Agro Ecology Centre, Wayanad:
- Agro Ecology Centre is an off campus of Thanal at Panavally in the district of Wayanad.
- The centre facilitates research and documentation on agro bio diversity, organic farming and other activities related to Agriculture and Food Safety.
- The centre hosts around 200 traditional varieties of rice.
- The centre provide training for farmers, students and Government officials.
- The Centre also facilitate seed production, conservation and exchange.
Importance of traditional rice cultivation:
- India had nearly 1.5 lakh varieties of rice, with about 3,000 varieties unique to Kerala.
- Many of these have disappeared.
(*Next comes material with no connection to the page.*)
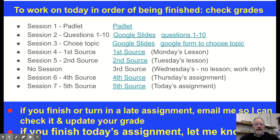If you are missing any of your work, you can click on these links right here and they will take you right to the slides or to the assignments that you need to do. These are all our lessons that we've had all week long, and we're looking for a source for each day that we've done.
Only 6,000 varieties are currently being cultivated by the farmers in the country.
- The Thondy variety, a traditional and popular rice among the people in Wayanad a few decades ago, could compete with any hybrid rice in terms of productivity.
- Moreover, the input cost of traditional rice cultivation is very low owing to its inherent resistance to pests and diseases.
- Also, its nutritional value is high.
- Many farmers had stopped cultivating traditional rice seeds after hybrid rice varieties became popular, under the misconception that the former has low productivity.